Es ist ja nicht nur bäuerliche Subsistenzwirtschaft, die das Matriarchat ausmacht. Die Mingankabau etwa leben städtisch. Daran können wir sehen, dass wir dieses Modell in jede Art von Zivilisation integrieren können.

Zunächst einmal ist natürlich die Fürsorge für die anderen zentral. Alte Menschen oder Mütter werden nicht isoliert. Und über allen Werten steht die Mutter als Symbol. Das kann sich auch auf Männer beziehen. Auch Männer können mütterlich sein.

Wir könnten sozusagen das Mütterliche als Zentrum nehmen, als Wert, wie eine Gesellschaft aufgebaut sein kann. Wenn wir einander so fürsorglich begegnen, ist schon viel getan.

Es gibt auch alternative Ansätze bei uns im Westen. Sie gehen in Richtung alternative Währung, in Bewegungen wie Transition Town, ökologische Landwirtschaft, ganzheitliche Heilweisen, Wohnprojekte, Genossenschaften etc… Wir Filmerinnen werden häufig von alternativen Projekten und Gruppierungen angefragt und unterstützen alternative Lebensformen. Aber ich denke, ihnen fehlt noch der mütterliche Zusammenhalt.

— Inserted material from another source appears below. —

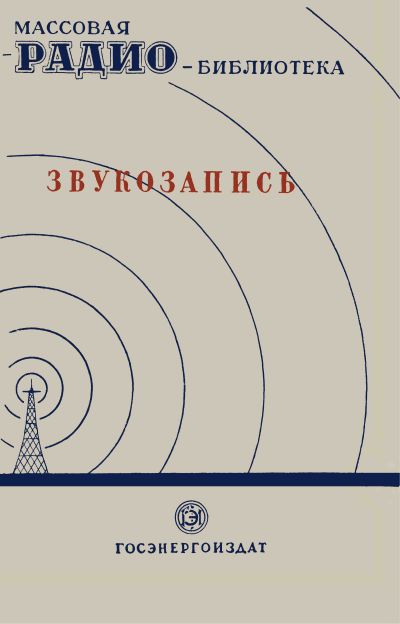 Звукозапись. Экспонаты 7-й Всесоюзной заочной радиовыставки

Wenn wir uns einigen könnten und unser Land Mutterland nennen, dann wären wir auch weit weg von unserem Vaterland, was uns kein Glück gebracht hat, kein gutes Leben. Wenn wir uns einig sind im Umgang miteinander, in unserer Kultur, in der Wirtschaft, in unseren Künsten und allem, was wir so Produktives gestalten, könnten wir es schaffen. Es geht nur gemeinschaftlich.